Interrogé sur ce que pourrait être son ultime repas, il s’était prêté au jeu avec sa malice habituelle.
« Avant de répondre à ça, il faut déjà que je choisisse les invités qui seront à ma table. Parce que manger seul au restaurant, quelle tristesse ! La cuisine se partage avec des amis. Alors, soyons fous ! J’aimerais bien dîner avec Antonin Carême, Auguste Escoffier, Fernand Point et, pour la touche féminine, Eugénie Brazier » – autant de noms qui figurent au panthéon de la cuisine française.
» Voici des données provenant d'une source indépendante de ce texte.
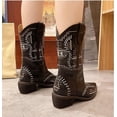 thumbnail image 4 of Women's Ribbed Platform Boots Round Toe High Heel Casual Boots Long Shaft Boots, 4 of 7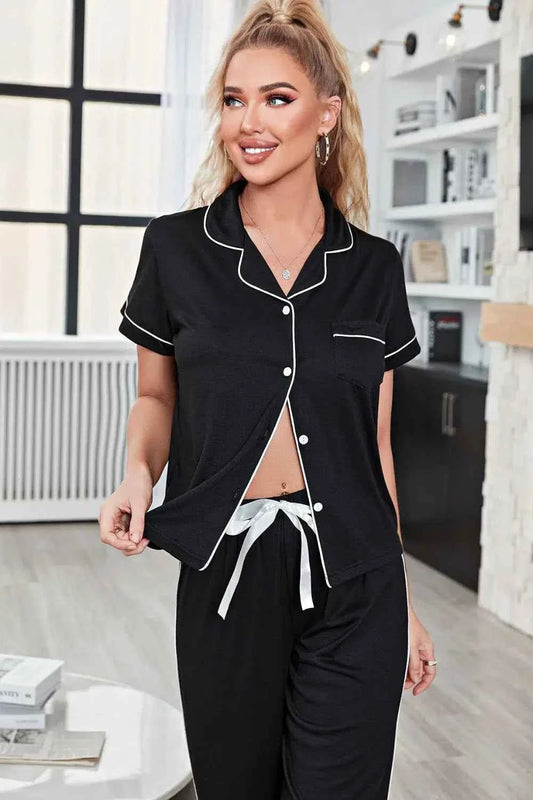 Midnight Mode Button-Up Lounge Set – Black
« Il n’y aurait qu’un plat au menu : un bon pot-au-feu, qu’on préparerait tous ensemble. On boirait un condrieu et une côte-rotie. J’aimerais quand même tricher un peu et refaire un déjeuner le lendemain pour ne pas gâcher les restes. On pourrait mitonner des tomates farcies. Ah oui, ce serait bon ! », avait-il dit.
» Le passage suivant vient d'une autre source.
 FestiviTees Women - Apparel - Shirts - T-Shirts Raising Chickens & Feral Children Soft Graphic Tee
Ce qui lui manquera le plus ? « Faire mon petit tour de salle, saluer les convives, avoir un petit mot gentil pour eux et poser pour des photos-souvenirs ici, à Collonges-au-Mont-d’Or ». Sa commune des bords de Saône, près de Lyon (est) où il est né le 11 février 1926 pour y mourir près de 92 ans plus tard, dans la chambre où il est né, au-dessus de son restaurant historique.
Ce globe-trotteur aux trois étoiles Michelin depuis plus d’un demi-siècle, un record, fut le premier à faire sortir les chefs de leur cuisine mais il estimait qu’il était temps « qu’ils y retournent ».
Et de conclure: « si les cuisiniers avaient l’habitude de manger leur cuisine, ce serait certainement meilleur ! Un peu comme si les journalistes relisaient davantage leurs articles, ce serait certainement moins mauvais. Nous ne sommes que des artisans, faut garder les pieds dans les sabots ».